Transit economics

Paul Krugman was hoping his commute to and from New York would be improved by the development of a new tunnel.  Much to his chagrin, the project was scuttled by the New Jersey governor.

Tunnel Of Idiocy

Many reports that Chris Christie is about to scuttle the second rail tunnel under the Hudson. If so, it’s arguably the worst policy decision ever made by the government of New Jersey — and that’s saying a lot.
The story seems to be that Christie wants to divert the funds to road and bridge repair; but in so doing he would (a) lose huge matching funds from the Port Authority and the Feds (b) delay indefinitely a project NJ needs desperately ASAP. He could avoid these consequences by raising gasoline taxes. But no, taxes must never be raised, no matter what the tradeoffs.
And it’s a social bad too: now is very much the time when we should be ramping up infrastructure spending, not cutting it.
In a follow up post he explains the essence of transit economics:
The usual suspects on the comment board are, inevitably, arguing that rail transit should pay for itself. The obvious response is that road transit doesn’t; why should only public transit have to self-finance, when private vehicles generally drive on free roads built and maintained out of taxes?
But in a way that misses the larger point: urban transportation is an area in which we know that market prices bear very little relationship to true social costs. Even if you ignore environmental impacts and the national security implications of oil imports, the fact is that driving in an urban area, especially in rush hour, imposes huge congestion externalities on other people. And I mean huge: Felix Salmon had a nice piece last year putting the external cost you impose on other people by driving into lower Manhattan at $160 a day...
Now, Econ 101 says that the first-best answer to these externalities is to make people pay these social costs; if we did, New Jersey Transit could charge much higher fares! But since that isn’t going to happen — at best, we may someday get a modest congestion charge — we’re into second-best territory.
And rail transit takes people off the roads, thereby yielding a large benefit that doesn’t show in NJT’s books....
I think Krugman has it right here. But I guess Christie wasn't much persuaded by him.  Oh well.

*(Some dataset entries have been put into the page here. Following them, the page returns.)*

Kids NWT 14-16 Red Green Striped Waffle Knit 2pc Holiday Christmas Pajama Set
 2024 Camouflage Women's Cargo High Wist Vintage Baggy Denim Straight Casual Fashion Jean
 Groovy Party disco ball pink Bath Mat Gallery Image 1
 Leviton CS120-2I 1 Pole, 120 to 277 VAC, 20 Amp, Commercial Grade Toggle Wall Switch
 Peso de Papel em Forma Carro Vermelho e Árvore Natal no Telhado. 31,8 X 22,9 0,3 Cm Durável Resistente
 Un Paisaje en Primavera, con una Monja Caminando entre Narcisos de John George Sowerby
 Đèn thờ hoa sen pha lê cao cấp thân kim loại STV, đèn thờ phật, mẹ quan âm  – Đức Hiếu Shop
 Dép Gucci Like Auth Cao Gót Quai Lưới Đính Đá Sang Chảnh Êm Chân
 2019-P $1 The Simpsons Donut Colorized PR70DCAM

Looking on the bright side, it does bring some attention to a big and important area of environmental economics.   A good place for analysis of these issues is Resources for the Future.  An example is this report by Ian Parry and Kenneth Small, abstract below:
This paper derives intuitive and empirically useful formulas for the optimal pricing of passenger transit and for the welfare effects of adjusting current fare subsidies, for peak and off-peak urban rail and bus systems. The formulas are implemented based on a detailed estimation of parameter values for the metropolitan areas of Washington (D.C.), Los Angeles, and London. Our analysis accounts for congestion, pollution, and accident externalities from automobiles and from transit vehicles; scale economies in transit supply; costs of accessing and waiting for transit service as well as service crowding costs; and agency adjustment of transit frequency, vehicle size, and route network to induced changes in demand for passenger miles.
The results support the efficiency case for the large fare subsidies currently applied across mode, period, and city. In almost all cases, fare subsidies of 50 percent or more of operating costs are welfare improving at the margin, and this finding is robust to alternative assumptions and parameters.
I should note that RFF is a well-respected, non-partisan institution that is not especially liberal. And I gather that Ian Parry actually leans pretty conservative.

How would Tea Partiers feel about selling all the roads to private businesses that could then charge any price they wished to people who drove on them?  That would have sounded absurd a decade or two ago, and maybe it still does.  But with inexpensive GPS and cheap, fast computers, I don't see why this isn't now feasible.

Somehow me thinks people, even self-described conservatives, wouldn't like it.

Update:  Krugman went further and turned this into his headline column, with a broader theme about infrastructure investment.